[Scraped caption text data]

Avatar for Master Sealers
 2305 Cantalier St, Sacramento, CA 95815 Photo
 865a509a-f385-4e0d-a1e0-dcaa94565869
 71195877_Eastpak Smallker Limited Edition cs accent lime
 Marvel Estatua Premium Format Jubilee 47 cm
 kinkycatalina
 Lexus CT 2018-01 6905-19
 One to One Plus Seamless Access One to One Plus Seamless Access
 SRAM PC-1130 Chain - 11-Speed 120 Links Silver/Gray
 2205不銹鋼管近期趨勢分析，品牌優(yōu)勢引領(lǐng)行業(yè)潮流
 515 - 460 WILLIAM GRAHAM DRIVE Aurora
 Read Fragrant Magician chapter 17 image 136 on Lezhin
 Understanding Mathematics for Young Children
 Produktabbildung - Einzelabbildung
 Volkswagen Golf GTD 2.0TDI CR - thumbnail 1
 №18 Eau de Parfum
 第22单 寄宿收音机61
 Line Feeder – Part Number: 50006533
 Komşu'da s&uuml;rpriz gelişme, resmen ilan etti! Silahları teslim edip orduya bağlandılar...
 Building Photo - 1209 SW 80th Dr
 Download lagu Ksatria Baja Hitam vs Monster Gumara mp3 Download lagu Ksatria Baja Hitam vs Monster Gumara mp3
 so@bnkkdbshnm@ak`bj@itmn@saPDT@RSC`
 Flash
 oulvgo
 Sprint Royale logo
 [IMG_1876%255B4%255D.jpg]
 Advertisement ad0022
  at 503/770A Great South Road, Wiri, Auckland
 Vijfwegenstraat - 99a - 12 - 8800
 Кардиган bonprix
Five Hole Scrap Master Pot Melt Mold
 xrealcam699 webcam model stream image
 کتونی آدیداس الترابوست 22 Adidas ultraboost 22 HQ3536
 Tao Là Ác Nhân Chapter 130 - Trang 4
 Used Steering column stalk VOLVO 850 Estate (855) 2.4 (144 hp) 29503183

__GOAL OF THE EXERCISE__:
Whenever a line of the entries contains the string "image", copy that line.

__RESULT OF THIS TASK__:
 Read Fragrant Magician chapter 17 image 136 on Lezhin
 xrealcam699 webcam model stream image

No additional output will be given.